I’m beginning to think that Carrie Bradshaw and I are actually best friends. Carrie, do you feel the same way? I really should have a post-it and Sharpie pen with me when I sit down to watch Sex and the City episodes. There are so many great lines that should not be forgotten. I was surfing around looking for some memorable quotes from the show.

"Later that day I got to thinking about relationships. There are those that open you up to something new and exotic, those that are old and familiar, those that bring up lots of questions, those that bring you somewhere unexpected, those that bring you far from where you started, and those that bring you back. But the most exciting, challenging and significant relationship of all is the one you have with yourself. And if you can find someone to love the you you love, well, that's just fabulous.”

Old and familiar. The comfort of those that know us inside and out is irreplaceable. They know without explanation. Many times they know before we even know ourselves. Scary and comforting at the same time.

Those that leave us questioning. There are not many relationships that don’t leave me wondering, questioning who I am as a person, friend, sister, daughter, teacher. People that continue to keep us thinking and considering new possibilities are incredibly priceless. We have to remember to keep our minds sharp, and surround ourselves with those that keep us questioning.

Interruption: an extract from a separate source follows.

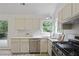 Bright kitchen with stainless steel appliances and view of the landscaped backyard at 402 Roswell Green Ln, Roswell, GA 30075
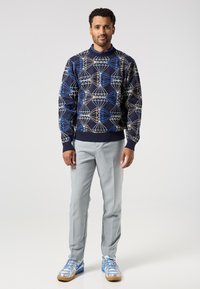 Man standing wearing a navy sweater with geometric blue and beige patterns, light gray trousers, and silver-blue sneakers.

Being somewhere unexpected. Some people bring our parts of us that we didn’t realize that we had. They make us hurt in places so deep. They make us become better, even stronger. Some people help us stretch to limits beyond our imagination.

Those that bring us back to where we started. It’s fun and exciting to do new things, go new places; however, there is something to be said about those that remind us who we really are. Those that help us stay grounded and close to our morals and beliefs.  

Me. This is the one relationship I can always count on; the one that I will never lose. Unfortunately, it is the one that I spend the least time on. Loving yourself is that basis for any good relationship with someone else. Carrie, you are one smart lady. 

Friday, January 6, 2012

Your Lucky Friday

I generally only post once a day, but I feel like I have not been putting my whole heart into my writing lately. I would like to make it a personal goal to reach back to the creative corners in my mind to generate some lovable, thoughtful, and even funny posts.

For your reading pleasure this afternoon, I found a piece of writing on a blog titled "The Quarter-Life Crisis." I connected to these words. It's funny how someone else's words can be so close to our own.


The Quarter-Life Crisis
by unknown
It is when you stop going along with the crowd and start realizing that there are a lot of things about yourself that you didn't know and may or may not like. You start feeling insecure and wonder where you will be in a year or two, but then get scared because you barely know where you are now.

You start realizing that people are selfish and that, maybe, those friends that you thought you were so close to aren't exactly the greatest people you have ever met and the people you have lost touch with are some of the most important ones. What you do not realize is that they are realizing that too and are not really cold or catty or mean or insincere, but that they are as confused as you.

You look at your job. It is not even close to what you thought you would be doing or maybe you are looking for one and realizing that you are going to have to start at the bottom and are scared.

You miss the comforts of college, of groups, of socializing with the same people on a constant basis. But then you realize that maybe they weren't so great after all.

You are beginning to understand yourself and what you want and do not want. Your opinions have gotten stronger. You see what others are doing and find yourself judging a bit more than usual because suddenly you realize that you have certain boundaries in your life and add things to your list of what is acceptable and what is not. You are insecure and then secure. You laugh and cry with the greatest force of your life. You feel alone and scared and confused. Suddenly change is the enemy and you try and cling on to the past with dear life but soon realize that the past is drifting further and further away and there is nothing to do but stay where you are or move forward.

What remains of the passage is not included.